EXERCISE: Return exactly and only these lines: the first of the listing through the one containing "Vente Appartement ***".
.....
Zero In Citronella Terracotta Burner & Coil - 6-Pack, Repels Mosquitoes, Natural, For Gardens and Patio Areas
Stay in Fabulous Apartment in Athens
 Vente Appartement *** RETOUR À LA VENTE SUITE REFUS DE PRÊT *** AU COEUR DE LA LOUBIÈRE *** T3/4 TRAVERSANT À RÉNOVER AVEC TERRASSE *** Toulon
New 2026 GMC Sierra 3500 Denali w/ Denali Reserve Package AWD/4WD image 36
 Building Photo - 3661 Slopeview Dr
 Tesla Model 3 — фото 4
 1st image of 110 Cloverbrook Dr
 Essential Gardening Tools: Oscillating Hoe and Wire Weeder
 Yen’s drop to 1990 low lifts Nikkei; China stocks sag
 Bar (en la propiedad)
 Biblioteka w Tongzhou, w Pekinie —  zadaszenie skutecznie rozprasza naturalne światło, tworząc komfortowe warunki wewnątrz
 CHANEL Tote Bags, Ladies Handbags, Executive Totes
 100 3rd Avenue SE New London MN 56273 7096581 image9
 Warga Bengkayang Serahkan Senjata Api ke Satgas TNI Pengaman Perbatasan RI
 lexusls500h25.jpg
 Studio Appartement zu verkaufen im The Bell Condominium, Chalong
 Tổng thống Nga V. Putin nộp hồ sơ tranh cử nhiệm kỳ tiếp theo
.....
ANSWER SPACE:
Zero In Citronella Terracotta Burner & Coil - 6-Pack, Repels Mosquitoes, Natural, For Gardens and Patio Areas
Stay in Fabulous Apartment in Athens
 Vente Appartement *** RETOUR À LA VENTE SUITE REFUS DE PRÊT *** AU COEUR DE LA LOUBIÈRE *** T3/4 TRAVERSANT À RÉNOVER AVEC TERRASSE *** Toulon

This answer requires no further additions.